Petitioners sought summary adjudication on Liker's claims, with the exception of his claims for recovery in quantum meruit. They maintained that the agreements were void under section 6147 for want of a statutorily required statement, namely, that the success fees were "not set by law but [were] negotiable between attorney and client" (§ 6147, subd. (a)(4)). In denying summary adjudication, the trial court relied on Franklin v. Appel (1992) 8 Cal.App.4th 875, 892 [10 Cal.Rptr.2d 759] (Franklin), in which the appellate court concluded that the then effective version of section 6147 was inapplicable to "contingency fee agreements outside the litigation context." (8 Cal.App.4th at p. 892.) On June 23, 2010, petitioners filed their petition for writ of mandate, prohibition, or other appropriate relief. We issued an alternative writ of mandate and temporary stay on September 1, 2010.
Petitioners contend that the trial court erred in denying summary adjudication. We agree.
"An order denying a motion for summary adjudication may be reviewed by way of a petition for writ of mandate. [Citation.] Where the trial court's denial of a motion for summary judgment will result in trial on nonactionable claims, a writ of mandate will issue. [Citations.] Likewise, a writ of mandate may issue to prevent trial of nonactionable claims after the erroneous denial of a motion for summary adjudication, [¶] Since a motion for summary judgment or summary adjudication `involves pure matters of law,' we review a ruling on the motion de novo to determine whether the moving and opposing papers show a triable issue of material fact. [Citations.] Thus, the appellate court need not defer to the trial court's decision. `"We are not bound by the trial court's stated reasons, if any, supporting its ruling; we review the ruling, not its rationale."' [Citation.]" (Travelers Casualty & Surety Co. v.
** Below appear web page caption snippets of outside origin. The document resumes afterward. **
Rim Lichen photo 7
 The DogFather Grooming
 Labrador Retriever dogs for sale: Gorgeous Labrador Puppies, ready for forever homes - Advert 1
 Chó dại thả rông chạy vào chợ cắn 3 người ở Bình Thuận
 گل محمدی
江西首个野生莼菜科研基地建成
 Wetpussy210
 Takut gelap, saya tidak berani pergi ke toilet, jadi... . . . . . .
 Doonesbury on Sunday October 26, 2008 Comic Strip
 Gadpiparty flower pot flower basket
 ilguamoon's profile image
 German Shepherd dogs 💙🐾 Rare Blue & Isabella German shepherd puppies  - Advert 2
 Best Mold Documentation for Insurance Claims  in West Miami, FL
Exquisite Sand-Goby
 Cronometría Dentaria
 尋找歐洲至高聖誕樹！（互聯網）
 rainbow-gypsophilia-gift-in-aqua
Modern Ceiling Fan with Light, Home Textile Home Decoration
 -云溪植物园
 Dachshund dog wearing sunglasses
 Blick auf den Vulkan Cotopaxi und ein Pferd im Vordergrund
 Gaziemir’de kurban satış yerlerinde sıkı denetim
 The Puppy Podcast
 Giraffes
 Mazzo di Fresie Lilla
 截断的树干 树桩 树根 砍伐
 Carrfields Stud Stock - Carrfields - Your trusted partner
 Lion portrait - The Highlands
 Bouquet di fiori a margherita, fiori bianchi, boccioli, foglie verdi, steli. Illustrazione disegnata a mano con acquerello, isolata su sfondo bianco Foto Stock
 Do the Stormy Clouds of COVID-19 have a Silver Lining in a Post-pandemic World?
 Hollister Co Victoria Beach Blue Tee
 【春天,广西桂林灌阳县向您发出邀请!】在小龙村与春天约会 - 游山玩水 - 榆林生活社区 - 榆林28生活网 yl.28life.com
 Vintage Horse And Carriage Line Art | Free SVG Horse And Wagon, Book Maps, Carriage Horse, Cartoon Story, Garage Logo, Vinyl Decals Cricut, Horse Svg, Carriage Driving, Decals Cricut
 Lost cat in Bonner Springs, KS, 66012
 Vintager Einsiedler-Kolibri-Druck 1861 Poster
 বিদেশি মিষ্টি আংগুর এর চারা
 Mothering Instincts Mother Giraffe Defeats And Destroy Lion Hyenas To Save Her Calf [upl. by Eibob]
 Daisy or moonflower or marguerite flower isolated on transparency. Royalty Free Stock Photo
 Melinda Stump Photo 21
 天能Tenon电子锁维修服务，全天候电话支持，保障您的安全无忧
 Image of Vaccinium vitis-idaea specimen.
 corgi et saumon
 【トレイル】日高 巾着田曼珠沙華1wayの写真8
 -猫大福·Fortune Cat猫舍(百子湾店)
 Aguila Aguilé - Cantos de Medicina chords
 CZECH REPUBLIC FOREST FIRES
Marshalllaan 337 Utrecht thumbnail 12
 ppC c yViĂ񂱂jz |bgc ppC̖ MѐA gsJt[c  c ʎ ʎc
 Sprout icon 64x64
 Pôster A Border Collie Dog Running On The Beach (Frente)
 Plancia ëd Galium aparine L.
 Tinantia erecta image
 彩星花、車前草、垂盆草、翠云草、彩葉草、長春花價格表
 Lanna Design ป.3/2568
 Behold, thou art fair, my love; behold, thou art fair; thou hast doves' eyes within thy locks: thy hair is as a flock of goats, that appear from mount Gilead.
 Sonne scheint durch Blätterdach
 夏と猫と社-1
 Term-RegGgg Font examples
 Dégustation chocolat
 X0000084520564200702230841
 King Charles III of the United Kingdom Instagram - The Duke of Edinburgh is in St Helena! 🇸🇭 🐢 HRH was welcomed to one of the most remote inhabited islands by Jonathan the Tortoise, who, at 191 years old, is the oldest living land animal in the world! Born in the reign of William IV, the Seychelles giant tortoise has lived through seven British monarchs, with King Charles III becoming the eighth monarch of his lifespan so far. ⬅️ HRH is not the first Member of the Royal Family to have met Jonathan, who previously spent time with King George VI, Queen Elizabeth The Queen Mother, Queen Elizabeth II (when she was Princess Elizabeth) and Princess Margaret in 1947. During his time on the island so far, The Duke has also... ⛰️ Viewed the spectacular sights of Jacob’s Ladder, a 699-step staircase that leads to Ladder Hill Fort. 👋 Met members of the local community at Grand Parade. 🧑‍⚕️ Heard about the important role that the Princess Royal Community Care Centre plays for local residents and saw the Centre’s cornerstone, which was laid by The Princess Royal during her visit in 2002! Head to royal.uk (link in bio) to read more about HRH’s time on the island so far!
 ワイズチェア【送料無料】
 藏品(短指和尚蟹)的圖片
Superior Court (1998) 63 Cal.App.4th 1440, 1450 [75 Cal.Rptr.2d 54], fn. omitted.)
Section 6147 belongs to a trio of related statutes governing fee contracts between lawyers and their clients.
We begin by examining the trial court's ruling. In seeking summary adjudication, petitioners argued that both fee agreements were voidable at their option under section 6147, subdivision (b), because the agreements lacked the statement mandated in section 6147, subdivision (a)(4). The trial court denied summary adjudication on a ground neither raised nor briefed by the parties, reasoning that the fee agreements fell outside section 6147 because they "contemplate[] payment for savings from tax-related services."
The denial of summary adjudication cannot be affirmed on the basis of Franklin. As then effective, former section 6147 stated in subdivision (a) that it applied when "[a]n attorney who contracts to represent a plaintiff on a contingency fee basis" (italics added); in addition, section 6147 contained numerous references to the client as a "plaintiff."
Despite the statement's absence, the appellate court determined that the agreement was not voidable because it fell outside former section 6147. (Franklin, supra, 8 Cal.App.4th at pp. 890-892.) Applying the canons of statutory interpretation, the court reasoned that the occurrence of the term "plaintiff" in former section 6147 limited the provision to contingency fee agreements "involving plaintiffs in litigation matters." (Franklin, at pp. 879, 890-892, italics omitted.) Nonetheless, recognizing that the provision's language might not reflect the Legislature's goal in enacting it, the court stated: "Should the Legislature intend section 6147 to apply to all contingency fee arrangements between attorneys and clients generally, irrespective of whether the representation contemplates litigation or transactional matters, a simple amendment to that effect will suffice; client or person may be substituted for
Liker suggests that the Ameriquest and RoDa fee agreements are not voidable under section 6147 because the Legislature, in amending the statute, did not uniformly replace "plaintiff" with "client." Noting that subdivision (b) of section 6147, in its current form, provides that a noncompliant agreement is "voidable at the option of the plaintiff" (italics added), Liker argues that subdivision (b) is inapplicable to the Ameriquest and RoDa agreements. We disagree. "`The literal meaning of the words of a statute may be disregarded to avoid absurd results or to give effect to manifest purposes that, in light of the statute's legislative history, appear from its provisions considered as a whole.'" (Times Mirror Co. v. Superior Court (1991) 53 Cal.3d 1325, 1334, fn. 7 [283 Cal.Rptr. 893, 813 P.2d 240], quoting Silver v. Brown (1966) 63 Cal.2d 841, 845 [48 Cal.Rptr. 609, 409 P.2d 689].)
Here, the Legislature's intent in amending section 6147 is clearly established by the changes it made to subdivision (a) of the statute, especially those to the first sentence of the subdivision, which now begins, "An attorney who contracts to represent a client on a contingency fee basis shall . . . ." (Italics added.) As the Legislature subjected contingent fee agreements outside the litigation context to the requirements stated in subdivision (a), the Legislature cannot reasonably be viewed as having intended to exempt these agreements from subdivision (b), which functions as the enforcement provision of section 6147. Because the Legislature's failure to replace "plaintiff" with "client" in subdivision (b) appears to be an oversight or drafting error, we reject Liker's contention. (Bonner v. County of San Diego (2006) 139 Cal.App.4th 1336, 1346, fn. 9 [44 Cal.Rptr.3d 116] [when drafting error in statute is clear and correction will best carry out the Legislature's intent, courts may disregard the error in interpreting statute].)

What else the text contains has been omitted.